> **DIRECTIONS FOR THIS TASK**
Produce a verbatim copy of the following records, leaving out all pictures.

**** PROVIDED RECORDS

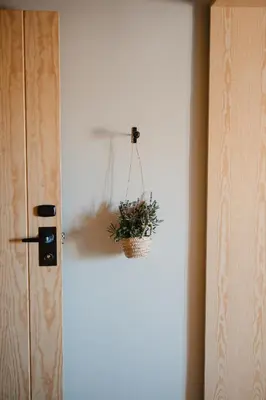 a plant in a basket hanging on a wall at Hotel-Masia Can Farrés in El Bruc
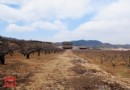 乾隆皇帝的特種兵訓練基地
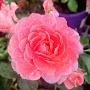 @rashmishinde3512
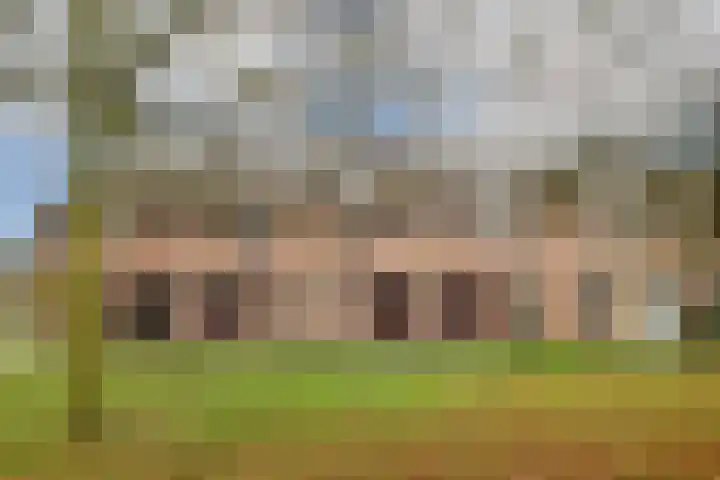 Praam 265 Amstelveen thumbnail 23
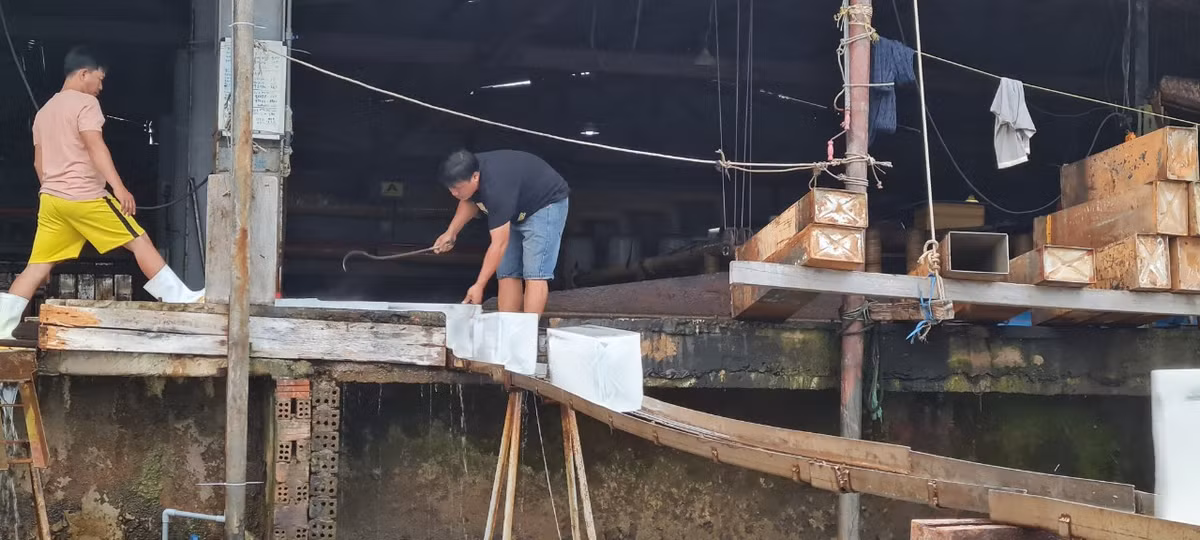Công nhân đang tất bật với các công đoạn sản xuất đá cây.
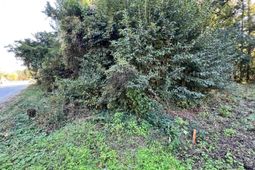 1704 Smith Street  photo 4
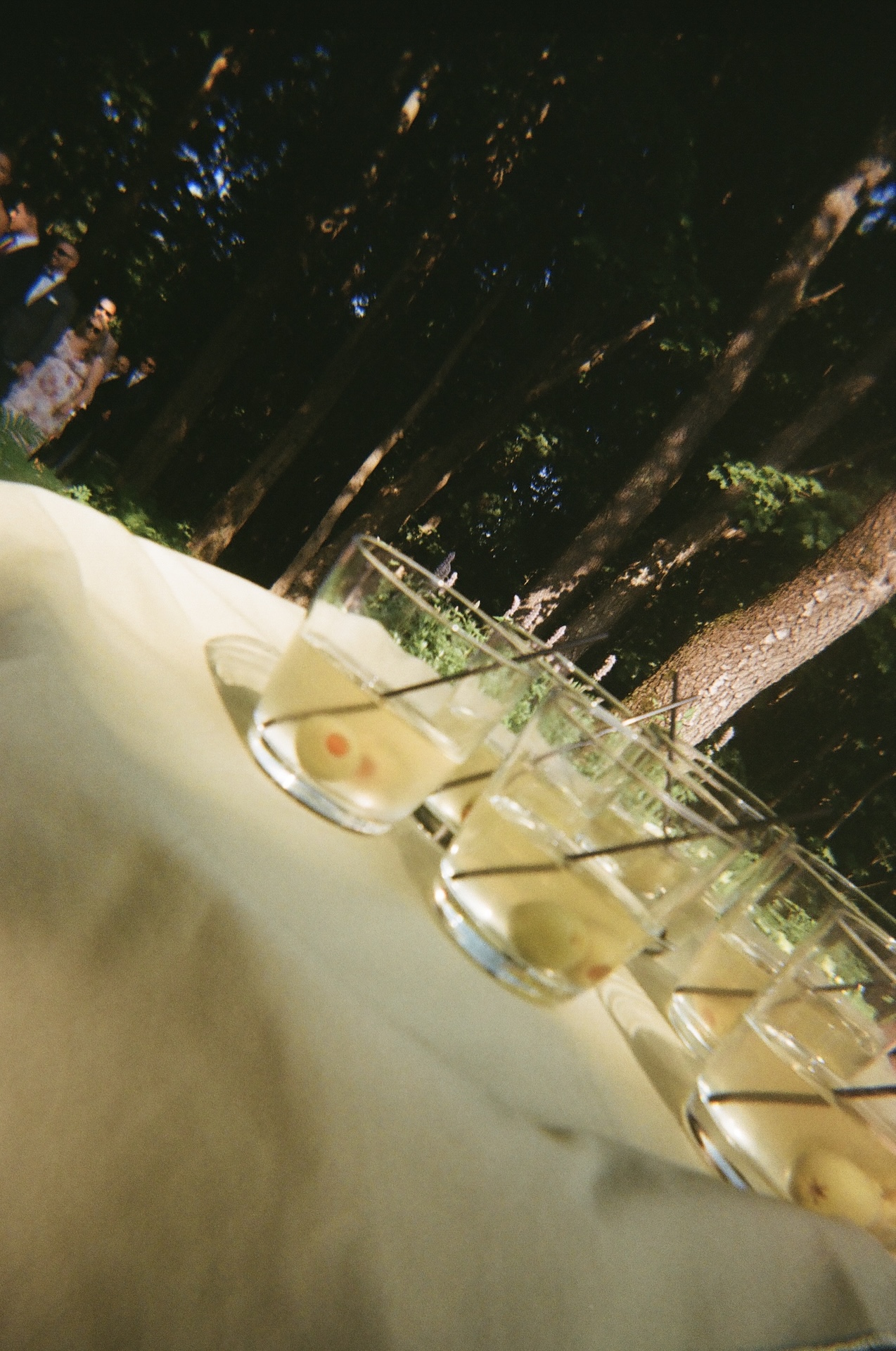 Glasses of signature cocktails with olives lined up on a table in the forest setting during cocktail hour.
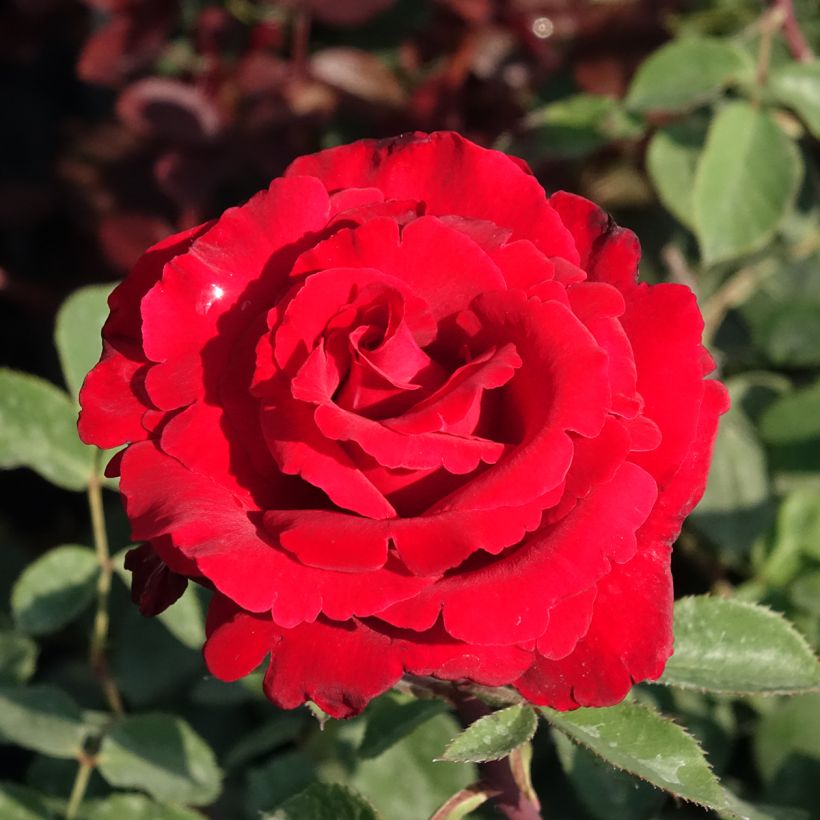 Roseira de flor grande Marcel Pagnol (Floração)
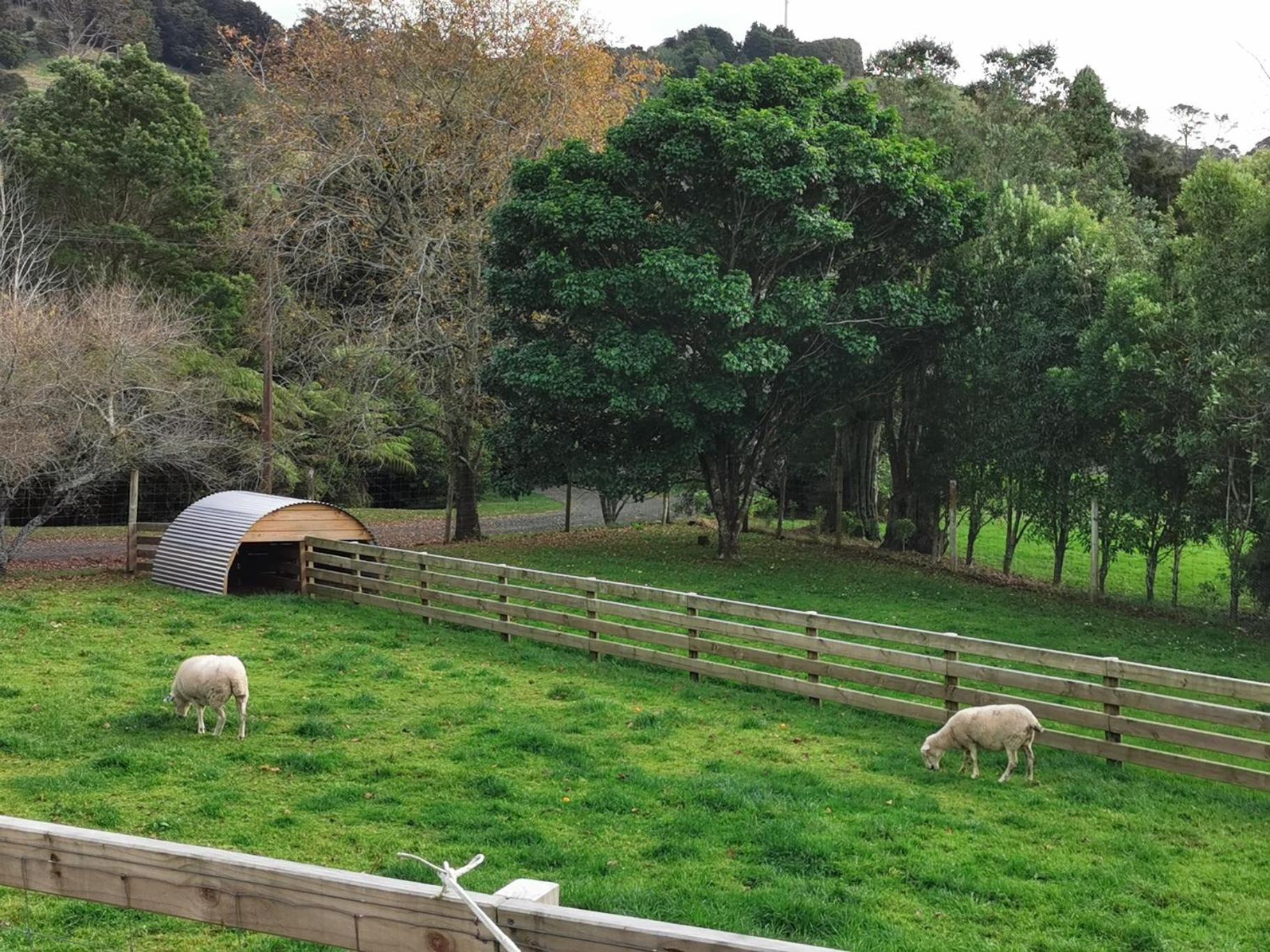 Crown Ridge Miners Cottage Karangahake Dış mekan fotoğraf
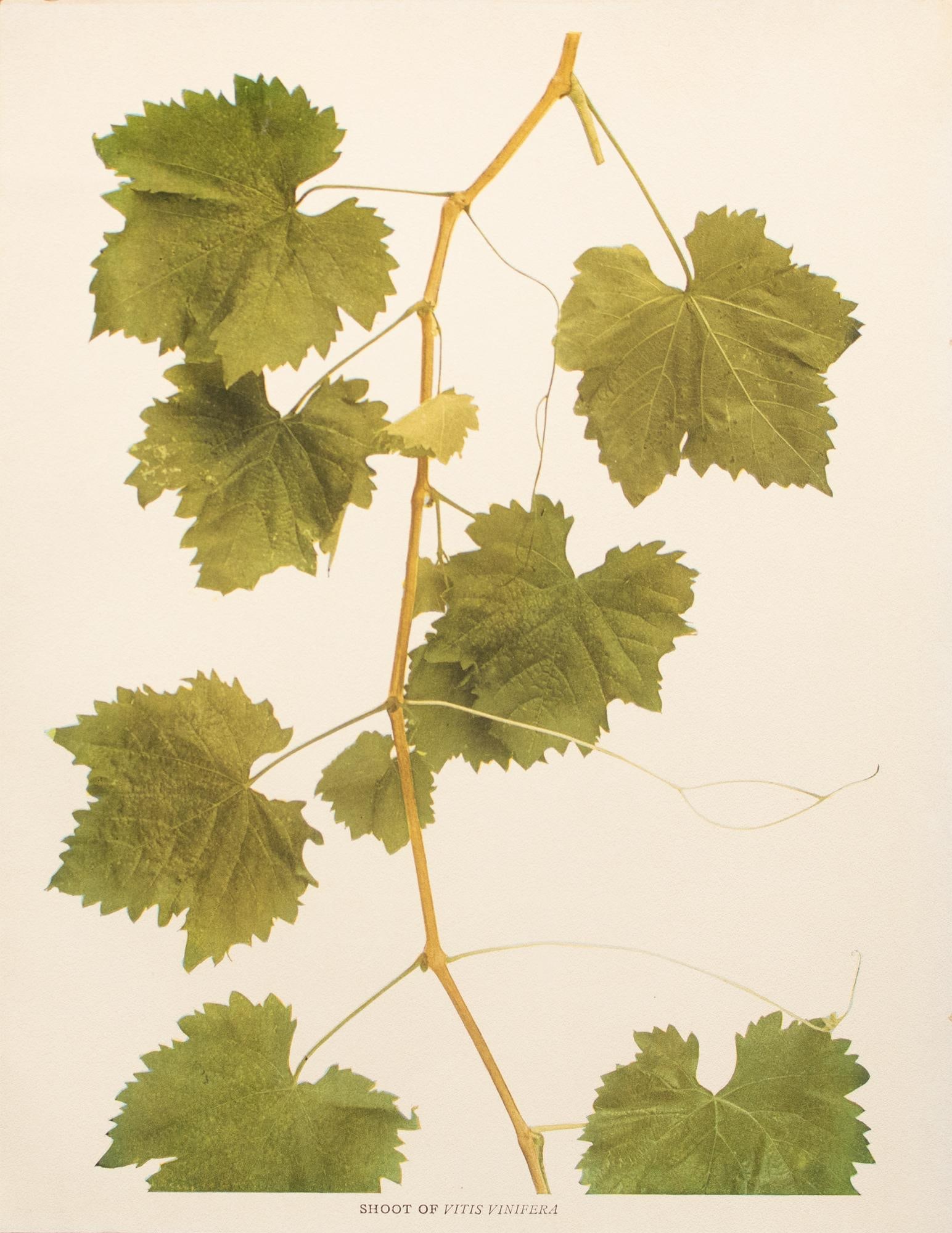 1900s U. P. Hedrick, Original Antique Photogravure of Shoot of Vitis Vinifera Grapes - 2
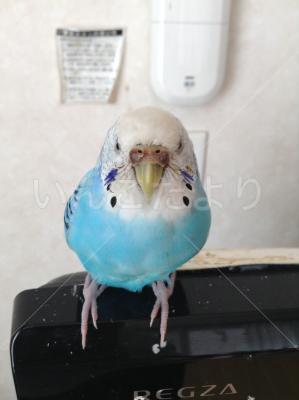 迷い鳥の写真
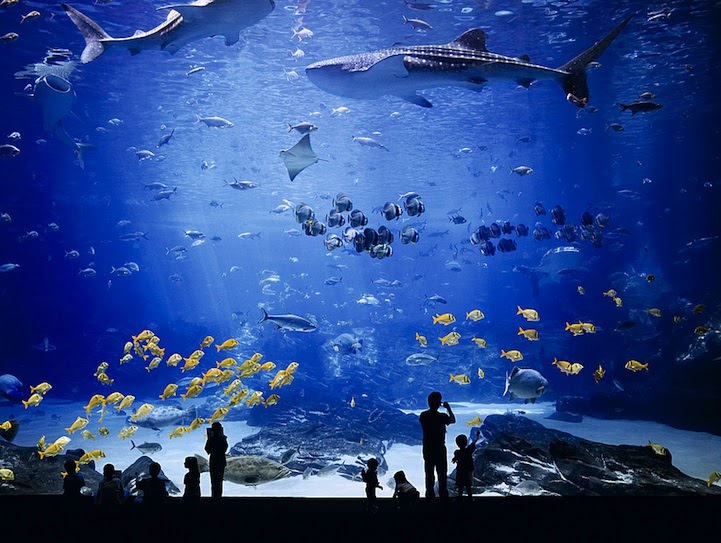 The World's Largest Aquarium to Linda Ikeji's Blog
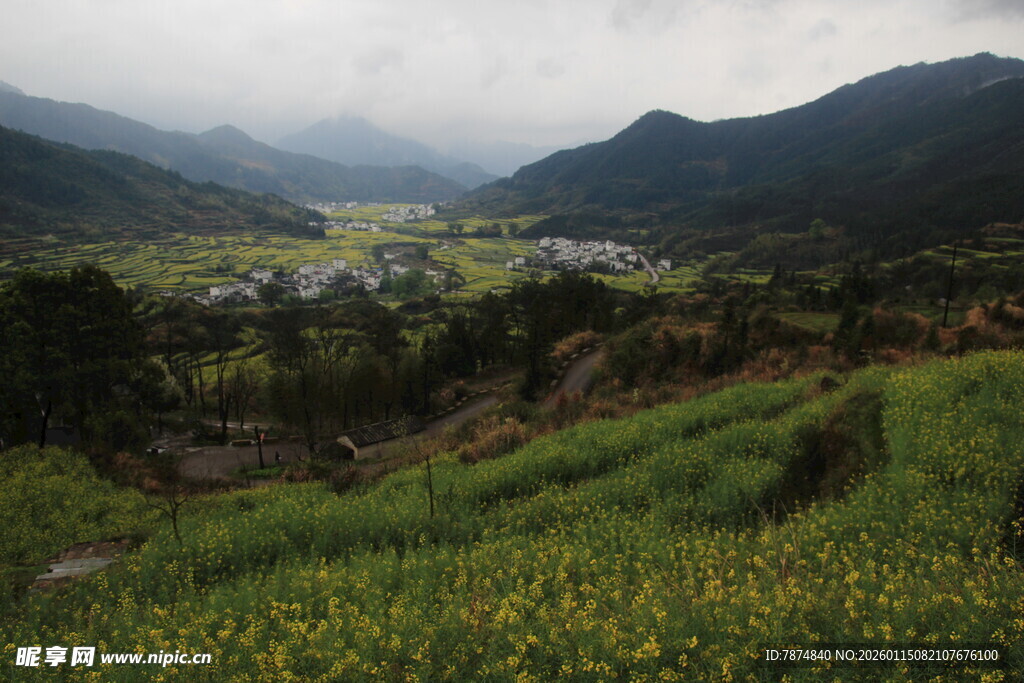 山间绿野黄花乡村美景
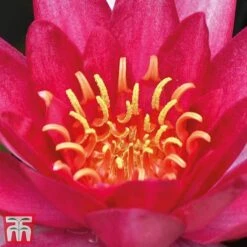 Water Lily Red With Pond Basket -Flourish Flora water red21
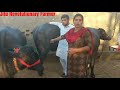 युवा महिला डेरी किसान- 2 लाख कमाती है हर महिने.
Young-Woman Dairy Farmer- Improving Murrah BREED.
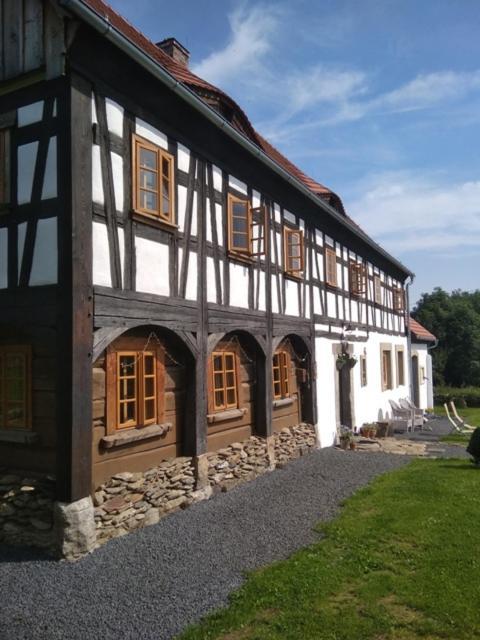Izerski Dom Leśna Buitenkant foto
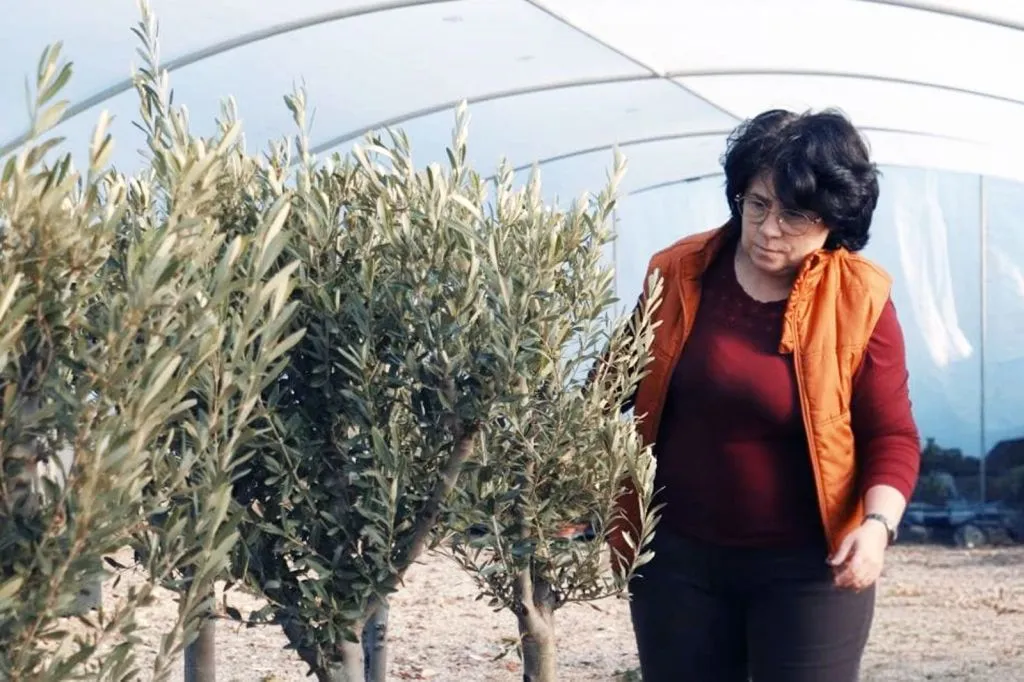 Zapošljavanje osoba s invaliditetom: Zakonska obaveza, društvena odgovornost ali i poslovna prilika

********

> **SOLUTION TO THIS EXERCISE**
 a plant in a basket hanging on a wall at Hotel-Masia Can Farrés in El Bruc
 乾隆皇帝的特種兵訓練基地
 @rashmishinde3512
 Praam 265 Amstelveen thumbnail 23
Công nhân đang tất bật với các công đoạn sản xuất đá cây.
 1704 Smith Street  photo 4
 Glasses of signature cocktails with olives lined up on a table in the forest setting during cocktail hour.
 Roseira de flor grande Marcel Pagnol (Floração)
 Crown Ridge Miners Cottage Karangahake Dış mekan fotoğraf
 1900s U. P. Hedrick, Original Antique Photogravure of Shoot of Vitis Vinifera Grapes - 2
 迷い鳥の写真
 The World's Largest Aquarium to Linda Ikeji's Blog
 山间绿野黄花乡村美景
 Water Lily Red With Pond Basket -Flourish Flora water red21
 युवा महिला डेरी किसान- 2 लाख कमाती है हर महिने.
Young-Woman Dairy Farmer- Improving Murrah BREED.
Izerski Dom Leśna Buitenkant foto
 Zapošljavanje osoba s invaliditetom: Zakonska obaveza, društvena odgovornost ali i poslovna prilika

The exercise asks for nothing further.